Et je répondis enfin, avec un air de défit: "Oui, je le sais, mais je ne veux pas le dire!"

Alors l'Autre reprit sans voix: "Tu ne veux pas, Zarathoustra? Est-ce vrai? Ne te cache pas derrière cet air de défi!" -

Et moi de pleurer et de trembler comme un enfant et de dire: "Hélas! je voudrais bien, mais comment le puis-je? Fais-moi grâce de cela! C'est au-dessus de mes forces!"

Alors l'Autre repris sans voix: "Qu'importe de toi, Zarathoustra? Dis ta parole et brise-toi!" -

Et je répondis: "Hélas! est-ce ma parole? Qui suis-je? J'en attends un plus digne que moi; je ne suis pas digne, même de me briser contre lui."
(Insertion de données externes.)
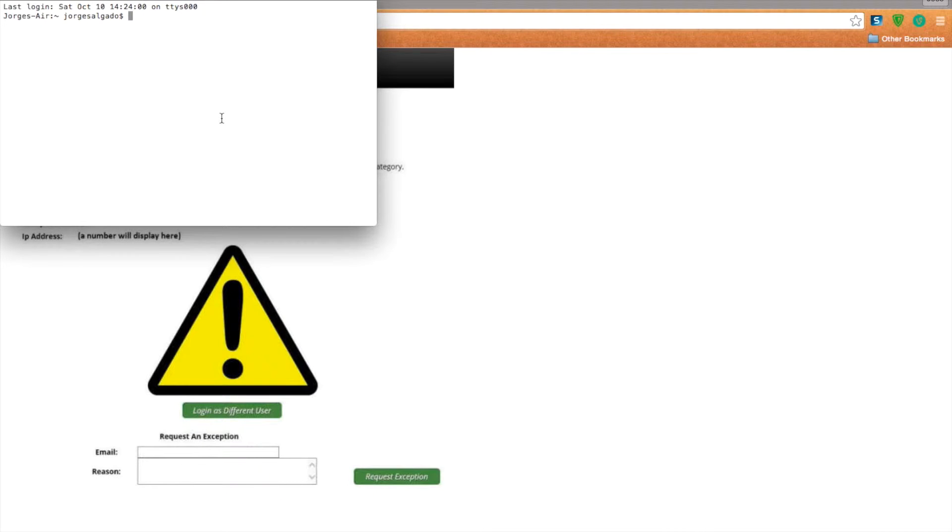You have to search up Run and search up CMD. Alright, when you're in Run, search up CMD. It'll pop up.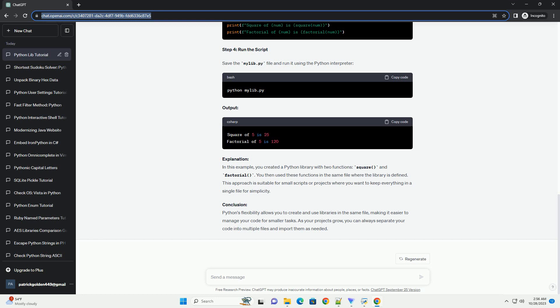Conclusion. Python's flexibility allows you to create and use libraries in the same file, making it easier to manage your code for smaller tasks. As your projects grow, you can always separate your code into multiple files and import them as needed.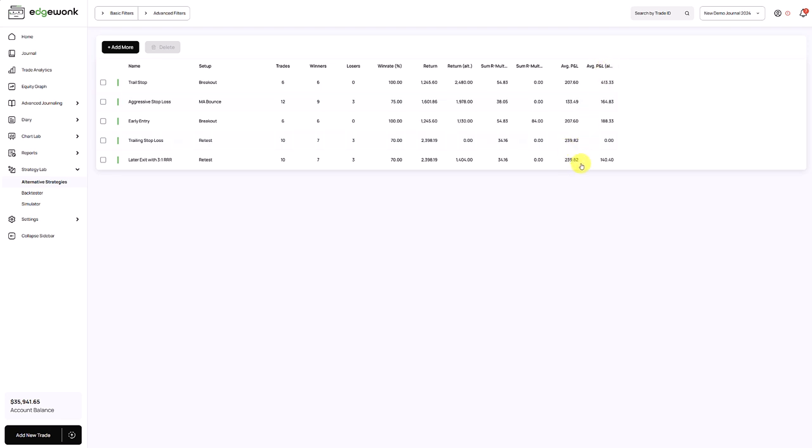So this is the average profit and loss per trade with your real trades in the journal. And this is your average PNL, the average value of your trade based on the alternative outcome that you have recorded. And this is a very quick and easy way to test small changes to your strategies and see how changes in your rules can impact your trading performance.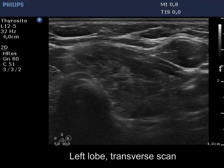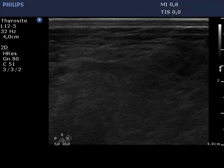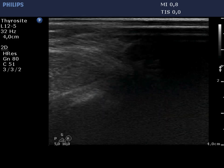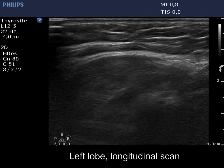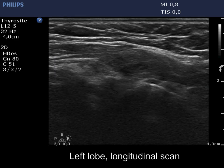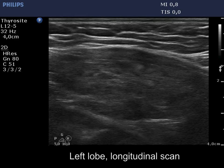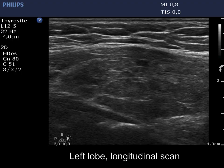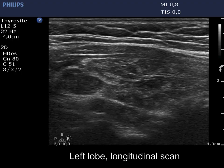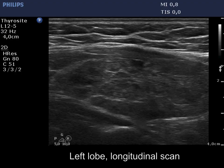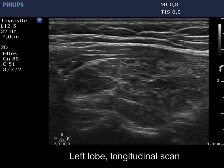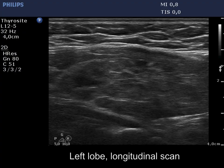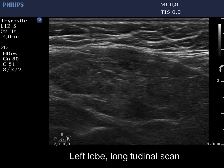The left lobe has a similar appearance. Note the presence of connective tissue in the form of synchronous presence of echogenic lines and granules. The discrete lesions have irregular borders.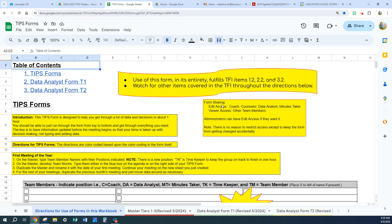Everyone else should have viewer access — you just don't want somebody accidentally messing up your form, so it's easier to give viewer access. Administrators can have edit access if they want. There's no reason to restrict access except to keep the form from getting changed accidentally. You can use undo — there are all kinds of things you can do. There's no reason to restrict access except to protect from accidental changes.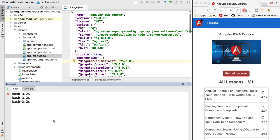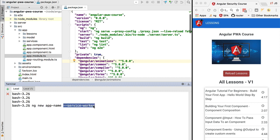Hello everyone and welcome back. Let's start transforming our running Angular application into a progressive web application. We are going to add the Angular service worker and configure it. If we wanted to scaffold a new application from scratch we could use the Angular CLI command ng new with the application name and the flag --service-worker. But most likely you already have a running Angular application, so we'll see exactly what this command does and what changes it makes to the project.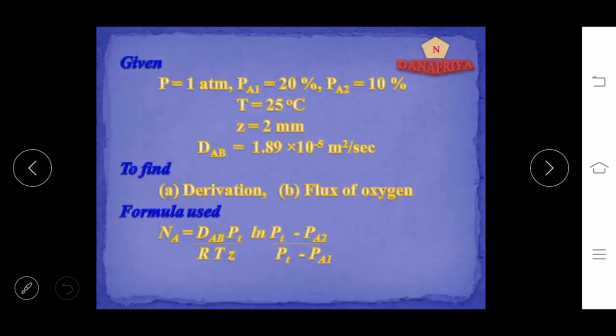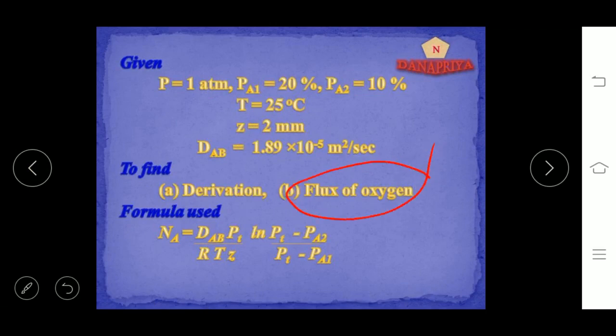We have found the derivation for flux of oxygen and calculated the value for flux of oxygen. Thank you.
Alors l'Autre repris sans voix: "Qu'importe de toi? Tu n'es pas encore assez humble à mon gré, l'humilité a la peau la plus dure."

Et je répondis: "Que n'a pas déjà supporté la peau de mon humilité! J'habite eux pieds de ma hauteur: l'élévation de mes sommets, personne ne me l'a jamais indiquée, mais je connais bien mes vallées."

Alors l'Autre reprit sans voix: "O Zarathoustra, qui a des montagnes à déplacer, déplace aussi des vallées et des bas-fonds." -

Et je répondis: "Ma parole n'a pas encore déplacé de montagnes etce que j'ai dit n'a pas atteint les hommes. Il est vrai que je suis allé chez les hommes, mais je ne les ai pas encore atteints."

Alors l'Autre reprit sans voix: "Qu'en sais-tu? La rosée tombe sur l'herbe au moment le plus silencieux de la nuit." -

Et je répondis: "Ils se sont moqués de moi lorsque j'ai découvert et suivi ma propre vie; et en vérité mes pieds tremblaient alors."

Et ils m'ont dit ceci: tu ne sais plus le chemin, et maintenant tu ne sais même plus marcher!"

Alors l'Autre reprit sans voix: "Qu'importent leurs moqueries! Tu es quelqu'un qui désappris d'obéir: maintenant tu dois commander.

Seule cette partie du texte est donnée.